Return every line of the data exactly as it appears.

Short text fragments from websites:

════

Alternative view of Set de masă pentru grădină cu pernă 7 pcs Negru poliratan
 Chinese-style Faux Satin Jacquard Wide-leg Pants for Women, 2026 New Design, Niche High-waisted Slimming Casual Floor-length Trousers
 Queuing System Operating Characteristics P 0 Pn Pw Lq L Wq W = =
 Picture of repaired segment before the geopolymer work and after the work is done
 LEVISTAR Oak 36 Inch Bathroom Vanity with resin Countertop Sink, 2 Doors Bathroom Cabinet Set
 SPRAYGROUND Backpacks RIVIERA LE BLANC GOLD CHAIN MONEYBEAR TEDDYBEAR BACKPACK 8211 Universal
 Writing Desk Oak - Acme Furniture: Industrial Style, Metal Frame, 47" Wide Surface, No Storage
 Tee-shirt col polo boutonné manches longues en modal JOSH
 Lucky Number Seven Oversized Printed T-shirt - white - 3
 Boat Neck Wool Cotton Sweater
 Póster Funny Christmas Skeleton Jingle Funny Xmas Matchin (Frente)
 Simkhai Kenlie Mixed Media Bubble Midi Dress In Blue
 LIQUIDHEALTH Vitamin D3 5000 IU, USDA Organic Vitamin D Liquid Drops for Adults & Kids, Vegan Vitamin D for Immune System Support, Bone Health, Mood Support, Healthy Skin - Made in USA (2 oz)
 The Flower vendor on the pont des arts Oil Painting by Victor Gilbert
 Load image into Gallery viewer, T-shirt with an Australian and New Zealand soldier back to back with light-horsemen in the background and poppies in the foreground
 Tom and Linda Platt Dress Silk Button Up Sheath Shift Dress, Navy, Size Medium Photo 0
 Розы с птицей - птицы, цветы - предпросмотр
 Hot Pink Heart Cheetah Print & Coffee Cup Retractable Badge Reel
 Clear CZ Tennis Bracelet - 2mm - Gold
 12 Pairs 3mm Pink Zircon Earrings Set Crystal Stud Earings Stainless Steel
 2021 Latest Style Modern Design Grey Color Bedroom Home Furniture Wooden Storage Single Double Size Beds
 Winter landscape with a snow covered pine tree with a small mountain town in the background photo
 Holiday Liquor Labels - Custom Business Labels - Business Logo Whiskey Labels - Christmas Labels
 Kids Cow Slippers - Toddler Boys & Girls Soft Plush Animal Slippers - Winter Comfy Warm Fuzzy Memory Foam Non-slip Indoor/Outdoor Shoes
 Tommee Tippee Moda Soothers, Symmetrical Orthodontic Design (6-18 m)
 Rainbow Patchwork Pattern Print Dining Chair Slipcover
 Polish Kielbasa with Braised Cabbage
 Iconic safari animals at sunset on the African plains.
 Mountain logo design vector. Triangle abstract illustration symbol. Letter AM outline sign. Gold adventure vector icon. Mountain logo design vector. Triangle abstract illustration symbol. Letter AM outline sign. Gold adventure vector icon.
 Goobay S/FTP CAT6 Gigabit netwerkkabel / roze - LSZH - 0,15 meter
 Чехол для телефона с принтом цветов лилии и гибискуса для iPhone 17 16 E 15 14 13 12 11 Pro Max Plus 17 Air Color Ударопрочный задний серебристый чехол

════

Answer to the exercise –
Alternative view of Set de masă pentru grădină cu pernă 7 pcs Negru poliratan
 Chinese-style Faux Satin Jacquard Wide-leg Pants for Women, 2026 New Design, Niche High-waisted Slimming Casual Floor-length Trousers
 Queuing System Operating Characteristics P 0 Pn Pw Lq L Wq W = =
 Picture of repaired segment before the geopolymer work and after the work is done
 LEVISTAR Oak 36 Inch Bathroom Vanity with resin Countertop Sink, 2 Doors Bathroom Cabinet Set
 SPRAYGROUND Backpacks RIVIERA LE BLANC GOLD CHAIN MONEYBEAR TEDDYBEAR BACKPACK 8211 Universal
 Writing Desk Oak - Acme Furniture: Industrial Style, Metal Frame, 47" Wide Surface, No Storage
 Tee-shirt col polo boutonné manches longues en modal JOSH
 Lucky Number Seven Oversized Printed T-shirt - white - 3
 Boat Neck Wool Cotton Sweater
 Póster Funny Christmas Skeleton Jingle Funny Xmas Matchin (Frente)
 Simkhai Kenlie Mixed Media Bubble Midi Dress In Blue
 LIQUIDHEALTH Vitamin D3 5000 IU, USDA Organic Vitamin D Liquid Drops for Adults & Kids, Vegan Vitamin D for Immune System Support, Bone Health, Mood Support, Healthy Skin - Made in USA (2 oz)
 The Flower vendor on the pont des arts Oil Painting by Victor Gilbert
 Load image into Gallery viewer, T-shirt with an Australian and New Zealand soldier back to back with light-horsemen in the background and poppies in the foreground
 Tom and Linda Platt Dress Silk Button Up Sheath Shift Dress, Navy, Size Medium Photo 0
 Розы с птицей - птицы, цветы - предпросмотр
 Hot Pink Heart Cheetah Print & Coffee Cup Retractable Badge Reel
 Clear CZ Tennis Bracelet - 2mm - Gold
 12 Pairs 3mm Pink Zircon Earrings Set Crystal Stud Earings Stainless Steel
 2021 Latest Style Modern Design Grey Color Bedroom Home Furniture Wooden Storage Single Double Size Beds
 Winter landscape with a snow covered pine tree with a small mountain town in the background photo
 Holiday Liquor Labels - Custom Business Labels - Business Logo Whiskey Labels - Christmas Labels
 Kids Cow Slippers - Toddler Boys & Girls Soft Plush Animal Slippers - Winter Comfy Warm Fuzzy Memory Foam Non-slip Indoor/Outdoor Shoes
 Tommee Tippee Moda Soothers, Symmetrical Orthodontic Design (6-18 m)
 Rainbow Patchwork Pattern Print Dining Chair Slipcover
 Polish Kielbasa with Braised Cabbage
 Iconic safari animals at sunset on the African plains.
 Mountain logo design vector. Triangle abstract illustration symbol. Letter AM outline sign. Gold adventure vector icon. Mountain logo design vector. Triangle abstract illustration symbol. Letter AM outline sign. Gold adventure vector icon.
 Goobay S/FTP CAT6 Gigabit netwerkkabel / roze - LSZH - 0,15 meter
 Чехол для телефона с принтом цветов лилии и гибискуса для iPhone 17 16 E 15 14 13 12 11 Pro Max Plus 17 Air Color Ударопрочный задний серебристый чехол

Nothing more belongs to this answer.